Quote: (Originally Posted by silent running)
Thank you for explaining further, Waruteru. I may have misunderstood you. But it seems to me this whole website is already an open source. Indeed there is more information flying around on Rebreather World at any given moment than I can shake a stick at, all of it free. And I think that Alex in particular has been more open and responsive to peoples questions than just about anybody on here. Aside from a few guarded posts by Martin Parker about the APD temp stick, I don't see any evidence of people keeping secrets. How much more open can an open source be?-Andy
Who are we kidding about the industry being open?
Has any manufacturer published their MTBF figures? The reason you have not seen this is no unit has an MTBF better than 60k hours.
Has any manufacture published in the open their full FMECA? The reason you have not seen this is no unit has a MTBCF of more than 85k hours. Some are under 10k hours.
Military rebreathers are sold with the FMECA published to their buyers, otherwise the military would not buy them. Why do we not get to see the FMECA of the units we buy?
Has any manufacturer published their full EN14143 testing and compliance data?
When the unit does fail, one manufacture asked me how they could destroy the evidence. On two occasions. the first time via the "independent" agency that was supposed to find the cause of death. Witnesses were present.
Open Revolution is attempt to bring the whole field of sports rebreather design into decent norms before government agencies act and make our sport very difficult, as well as trying to make a really safe unit.

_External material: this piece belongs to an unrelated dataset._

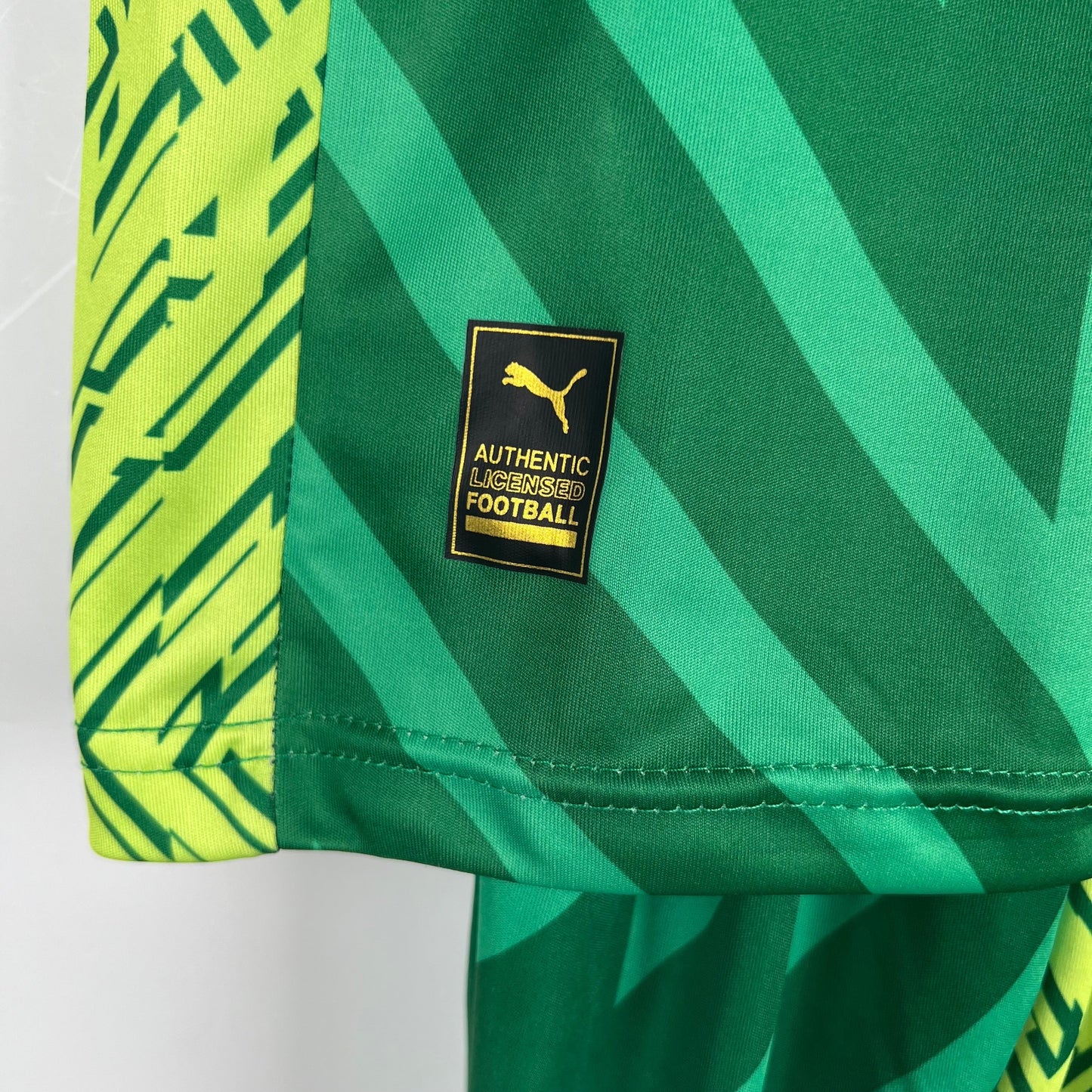 MANCHESTER CITY II PORTERO 23/24 KIT PARA NIÑOS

If you think I´m kidding about government intervention, take a look at what is happening gradually to diver training in the UK. Standby divers, safety divers, recompression access etc etc etc. In the not to distant future there will just a few dive training centres in the UK, who comply with all these new rules. Then read over the coroners reports. If a safety specialist were to be called as a witness, the reports would be much more damning still. Let us clean up our act before these things happen.
The idea of having Open Revolution rebreathers, hopefully from multiple sources of different design, is to share knowledge about designing safe systems. Manufacturers who do not meet basic requirements now can see what should be done, how things are done, techniques to use and not to use, as well as educating users on what is a safe practice and what is not. Much of this is in the FMECAs.